Pada 28 Desember 2010, Yeyen dilantik sendirian sebagai (pejabat definitif) Sekretaris Badan Bahasa sekaligus menandai berdirinya lembaga baru itu. Sementara Agus Dharma, PhD menjadi pelaksana tugas (plt) Kepala Badan Bahasa. Kemudian, pada 11 Januari 2011 diangkatlah dua pejabat eselon II Badan Bahasa, yakni Cece Sobarna sebagai Kepala Pusat Pengembangan dan Pelindungan Bahasa serta Kodrat Wisnuadji sebagai Kepala Pusat Pembinaan dan Pemasyarakatan.
Mengapa harus dibentuk Badan Bahasa? Menurut Yeyen, semangat masyarakat untuk mendorong Pusat Bahasa menjadi lembaga yang punya kewenangan lebih besar, sudah tergambar dalam putusan Kongres Bahasa, sejak 1988. Para peserta berkeinginan agar (Kepala) Pusat Bahasa dinaikkan eselonnya, dari eselon II yang berada di bawah sekretariat jenderal kementerian, menjadi eselon I yang bertanggung jawab langsung kepada Menteri Pendidikan Nasional (sekarang Menteri Pendidikan dan Kebudayaan).

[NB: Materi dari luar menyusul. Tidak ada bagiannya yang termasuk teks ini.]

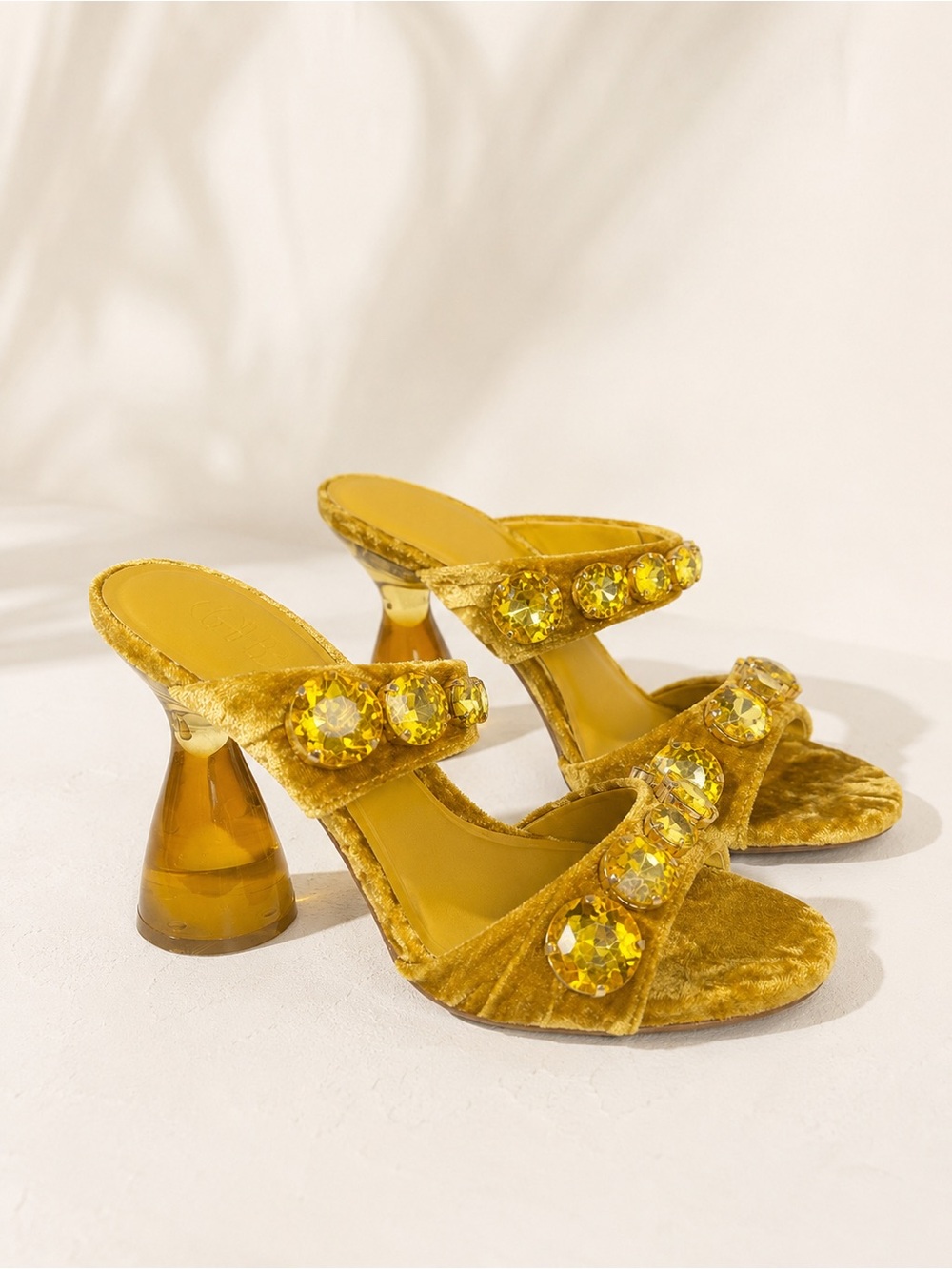 NWT Gianni Bini News-Flash Velvet Jewel Ornament Dress Slide Sandals Sz 6,5 - Picture 1 of 13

Dalam segi teknis kebahasaan, ada tugas dan fungsi Badan Bahasa, yakni pengembangan, pembinaan, dan pelindungan bahasa. Selama ini, terus dilakukan berbagai penelitian kebahasaan dan kesastraan. Salah satu kegiatan unggulan Badan Bahasa adalah penelitian tentang kekerabatan bahasa-bahasa daerah di wilayah Negara Kesatuan Republik Indonesia (NKRI) yang wujud akhirnya berbentuk peta bahasa. Sampai setakat ini, dari penelitian tersebut, sudah terpetakan 548 bahasa. Masih ada wilayah sebaran bahasa yang belum terpetakan, terutama di sebagian Papua, Maluku, dan Maluku Utara. ”Kami terus melakukan pemetaan,” ujar Yeyen. Peta bahasa itu sangat penting karena dapat menjadi bukti, kalau bahasa-bahasa itu eksis di suatu daerah berarti secara politis daerah itu merupakan wilayah NKRI. Dengan demikian, peta bahasa bisa menguatkan garis batas wilayah negara.

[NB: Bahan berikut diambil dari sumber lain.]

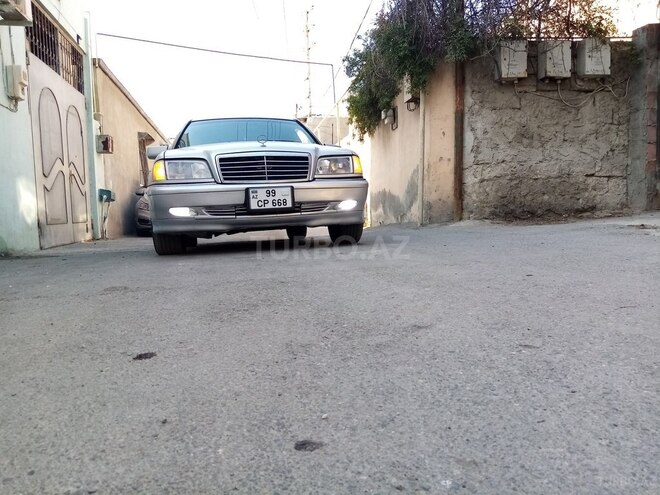Mercedes C 230 1998, 290,000 km - 2.3 l - Bakı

Dalam konteks pembakuan, Badan Bahasa telah menyusun kamus serta berbagai rujukan dan pedoman kebahasaan. Di lain pihak, penggunaan bahasa (Indonesia) masih memprihatinkan, terutama di media luar ruang, misalnya spanduk yang terkesan seenaknya. ”Gunakanlah bahasa Indonesia dengan baik dan benar sehingga informasi dapat diterima dengan jelas,” ujar Yeyen. Menurut dia, penggunaan bahasa yang tertata dengan baik mencerminkan pola pikir masyarakat (bangsa) yang baik pula, sesuai dengan pepatah bahwa bahasa adalah jiwa bangsa.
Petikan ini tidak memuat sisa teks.